London, June 2 (IANS) In a first, an international team of scientists has detected a faint signal emitted by hydrogen gas in a galaxy more than five billion light years away — almost double the previous record.
Using the Very Large Array radio telescope of the National Radio Astronomy Observatory in the US, the team observed radio emission from hydrogen in a distant galaxy and found that it would have contained billions of young, massive stars surrounded by clouds of hydrogen gas.
As the most abundant element in the universe and the raw fuel for creating stars, hydrogen is used by radio astronomers to detect and understand the makeup of other galaxies.
However, until now, radio telescopes have only been able to detect the emission signature of hydrogen from relatively nearby galaxies.
“Due to the upgrade of the Very Large Array, this is the first time we’ve been able to directly measure atomic hydrogen in a galaxy this far from Earth,” said lead author, Dr Ximena Fernández from Rutgers, the State University of New Jersey.
“These signals would have begun their journey before our planet even existed, and after five billion years of travelling through space without hitting anything, they’ve fallen into the telescope and allowed us to see this distant galaxy for the very first time,” he added.

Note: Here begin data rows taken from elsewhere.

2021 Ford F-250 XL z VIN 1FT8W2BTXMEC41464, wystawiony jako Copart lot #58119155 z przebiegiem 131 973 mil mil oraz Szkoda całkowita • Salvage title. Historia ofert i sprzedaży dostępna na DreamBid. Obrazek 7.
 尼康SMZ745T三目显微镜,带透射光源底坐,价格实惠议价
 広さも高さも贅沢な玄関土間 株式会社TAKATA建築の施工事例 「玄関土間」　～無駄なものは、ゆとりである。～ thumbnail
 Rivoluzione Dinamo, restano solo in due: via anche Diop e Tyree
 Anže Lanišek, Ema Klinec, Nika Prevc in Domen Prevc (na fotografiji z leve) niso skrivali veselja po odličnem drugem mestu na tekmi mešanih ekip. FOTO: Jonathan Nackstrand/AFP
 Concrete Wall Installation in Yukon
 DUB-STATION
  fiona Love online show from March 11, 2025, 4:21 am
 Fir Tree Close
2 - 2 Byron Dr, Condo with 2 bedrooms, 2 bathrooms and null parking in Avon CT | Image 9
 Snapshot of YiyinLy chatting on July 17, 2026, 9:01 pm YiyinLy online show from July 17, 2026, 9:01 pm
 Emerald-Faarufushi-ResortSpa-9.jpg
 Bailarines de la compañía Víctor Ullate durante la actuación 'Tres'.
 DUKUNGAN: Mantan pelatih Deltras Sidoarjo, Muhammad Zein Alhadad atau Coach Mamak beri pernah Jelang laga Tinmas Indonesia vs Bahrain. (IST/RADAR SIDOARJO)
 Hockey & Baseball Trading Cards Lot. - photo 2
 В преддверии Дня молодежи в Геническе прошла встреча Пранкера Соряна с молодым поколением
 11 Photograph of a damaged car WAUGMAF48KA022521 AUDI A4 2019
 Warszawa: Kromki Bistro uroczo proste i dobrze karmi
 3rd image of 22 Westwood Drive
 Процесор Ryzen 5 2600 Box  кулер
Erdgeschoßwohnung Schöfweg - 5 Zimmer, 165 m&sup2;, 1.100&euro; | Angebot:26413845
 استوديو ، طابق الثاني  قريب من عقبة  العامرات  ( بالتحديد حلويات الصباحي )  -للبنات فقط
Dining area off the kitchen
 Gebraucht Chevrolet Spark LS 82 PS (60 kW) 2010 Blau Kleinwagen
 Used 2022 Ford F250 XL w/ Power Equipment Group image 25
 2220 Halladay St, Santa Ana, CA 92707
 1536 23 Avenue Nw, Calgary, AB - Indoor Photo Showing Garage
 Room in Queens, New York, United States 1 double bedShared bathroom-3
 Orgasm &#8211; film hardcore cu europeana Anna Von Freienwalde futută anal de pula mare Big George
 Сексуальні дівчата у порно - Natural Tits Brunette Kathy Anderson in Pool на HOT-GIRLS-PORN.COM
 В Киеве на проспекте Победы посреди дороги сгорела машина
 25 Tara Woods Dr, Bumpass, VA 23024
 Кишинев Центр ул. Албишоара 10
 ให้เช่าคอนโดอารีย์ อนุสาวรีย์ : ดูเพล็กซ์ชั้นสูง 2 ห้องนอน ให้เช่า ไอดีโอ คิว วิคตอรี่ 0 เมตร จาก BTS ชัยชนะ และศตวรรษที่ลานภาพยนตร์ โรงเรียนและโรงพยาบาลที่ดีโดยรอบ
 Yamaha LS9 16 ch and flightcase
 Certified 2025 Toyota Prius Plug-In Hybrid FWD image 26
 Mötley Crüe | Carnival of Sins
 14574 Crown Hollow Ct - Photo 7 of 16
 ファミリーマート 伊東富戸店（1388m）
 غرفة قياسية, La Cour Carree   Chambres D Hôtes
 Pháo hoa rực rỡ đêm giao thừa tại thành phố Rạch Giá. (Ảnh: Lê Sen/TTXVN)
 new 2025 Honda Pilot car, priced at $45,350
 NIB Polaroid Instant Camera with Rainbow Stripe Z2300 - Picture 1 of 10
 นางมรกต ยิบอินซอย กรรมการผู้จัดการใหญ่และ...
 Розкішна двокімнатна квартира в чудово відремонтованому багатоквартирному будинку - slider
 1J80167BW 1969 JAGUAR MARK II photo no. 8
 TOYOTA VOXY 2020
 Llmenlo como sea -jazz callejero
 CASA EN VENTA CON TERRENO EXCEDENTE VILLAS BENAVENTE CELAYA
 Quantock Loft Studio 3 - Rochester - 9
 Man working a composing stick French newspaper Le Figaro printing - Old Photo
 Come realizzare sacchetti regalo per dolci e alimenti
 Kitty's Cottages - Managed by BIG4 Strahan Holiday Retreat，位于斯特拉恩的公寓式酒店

The success for the team comes after the first 178 hours of observing time with the Karl G. Jansky Very Large Array (VLA) radio telescope for a new survey of the sky called the ‘COSMOS HI Large Extragalactic Survey’ or CHILES.
Once completed, the CHILES survey will have collected data from more than 1,000 hours of observing time.
In a new approach, members of the team including Dr Attila Popping from International Centre for Radio Astronomy Research and the ARC Centre of All-sky Astrophysics (CAASTRO) in Australia are working with Amazon Web Services to process and move the large volumes of data via the “cloud”.
“For this project, we took tens of terabytes of data from the Very Large Array and then processed it using Amazon’s cloud-based servers to create an enormous image cube, ready for our team to analyse and explore,” Dr Popping added.
Professor Andreas Wicenec, head of the Data Intensive Astronomy team at the International Centre for Radio Astronomy Research, said the limiting factor for radio astronomers used to be the size of the telescope and the hardware behind it.
“It’s fast becoming more about the data and how you move, store and analyse vast volumes of information,” he said in a paper published in the Astrophysical Journal Letters.